Porque, cuando el Margen desiste de conversar con la Periferia, se convierte en una suerte de “autista” enmudecido y enmudecedor, un “trozo de hueco”, un “segmento de vacío”. Su desesperación, como la del desierto o la de los glaciales, no ayuda a la vida.
Y, cuando la Periferia evita relacionarse con el Margen, pareciera que ya no puede resistir la mencionada atracción del Centro, que avanza insidiosamente hacia él y que en él habrá de disolverse o extinguirse.
El diálogo de la Periferia (líquida) con el Margen (sólido) no es fácil ni acontece sin dolor: aquella se siente golpeada por una instancia endurecida, indestructible, casi como una piedra; y este padece el malestar de sentirse rodeado por una sustancia viscosa, igualmente invencible, que quisiera diluirlo, casi como el agua.
LA AUSENCIA DEL LIBRO
No estoy prologando un Libro, por fortuna. Amo las escrituras fragmentarias, discontinuas, irregulares, “interrumpidas”, como se dijo de algunos textos de W. Benjamin. Me desagrada esa idea teologal del Libro como discernible “unidad de sentido”, sólido en su estructura, lógico en su desarrollo, transparente en su “querer decir”. Contra el Libro, así entendido, se batieron, de modo implícito o manifiesto, poetas y escritores muy diversos, como Baudelaire, Mallarmé, Nietzsche, Blanchot, Barthes, Derrida, etcétera.
La obra de Santiago Jurado se evade de esa esfera sacralizada del Libro y vindica a su manera los valores de lo fragmentario. Sigue una técnica “impresionista”, en la que las pinceladas, sueltas pero coordinadas, los toques de expresión, las dejaciones y las redundancias, los saltos temáticos, las fugas y los reflujos, constituyen la materia del texto y se agolpan, tal orfebres, en el taller del significado. Y, como anoté, danza entre la Periferia y el Margen, sin renegar de las virtudes de la ambigüedad y de la contradicción. De ahí su fertilidad…
Decía E. Zuleta que “solo hay pensamiento donde hay contradicción”. Y es evidente: si no concurre la contradicción estamos simplemente ante un árido sistema de deducciones lógicas, un entorno más próximo al silogismo o incluso a la matemática que a la creatividad. Recuerdo también una observación de G. Bataille, en La experiencia interior: “El aparente relajamiento del rigor puede no expresar más que un rigor mayor, al que se debería responder en primer lugar”. Y, por último, para saldar esta cuestión de un modo expeditivo, remito a una observación crudelísima de X. Rubert de Ventós: “La búsqueda de contradicciones es la obsesión de las mentes tontas”.

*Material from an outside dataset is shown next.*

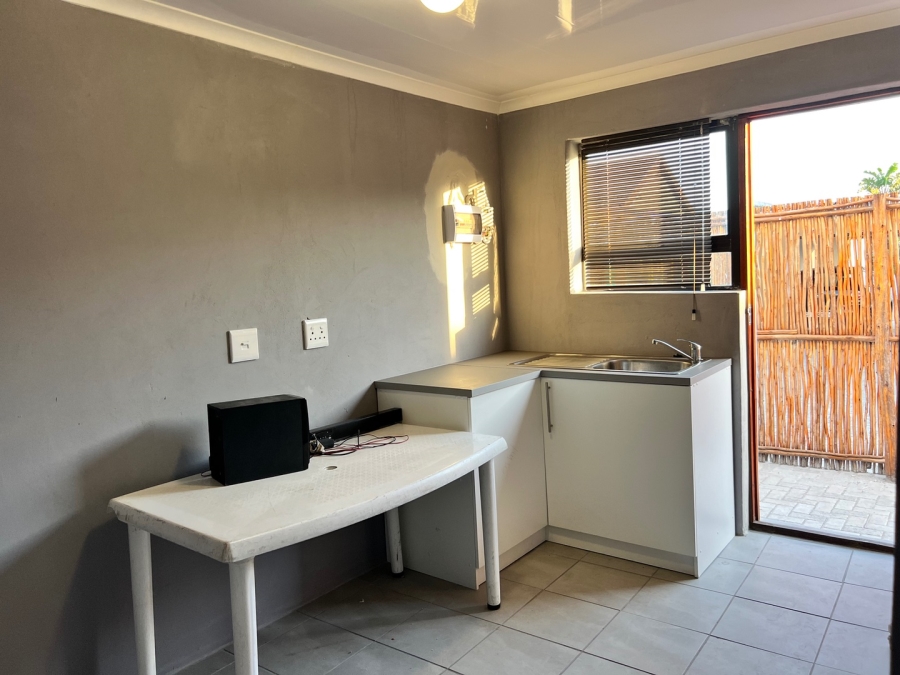 To Let 1 Bedroom Property for Rent in Malibu Village Western Cape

Soy feliz, por todo ello, de las contradicciones contenidas en este pequeño preámbulo y en la obra que prologa…
Donde no se da el Libro, se da el texto. El escrito de Santiago aparece así, ya lo apunté, como una especie de “ser vivo”, un organismo palpitante capaz de suscitar muchas ideas, de abrir y de cerrar muchas puertas, de entablar tantos debates como concilios, de facilitar escuchas y de hacer también oídos sordos a no pocas chácharas oficiales.
En cierto sentido, lo que este autor piensa “verdaderamente” de la Escuela y de la docencia, el alcance “exacto” de su crítica y la definición “precisa” de su posicionamiento político-ideológico, son cuestiones que carecen relativamente de interés: “El texto lo hace el lector”, se ha reiterado; y Cartas al docente, este tan inspirador ramillete de palabras (palabras como dardos y también palabras como abrazos), ya pertenece a sus receptores.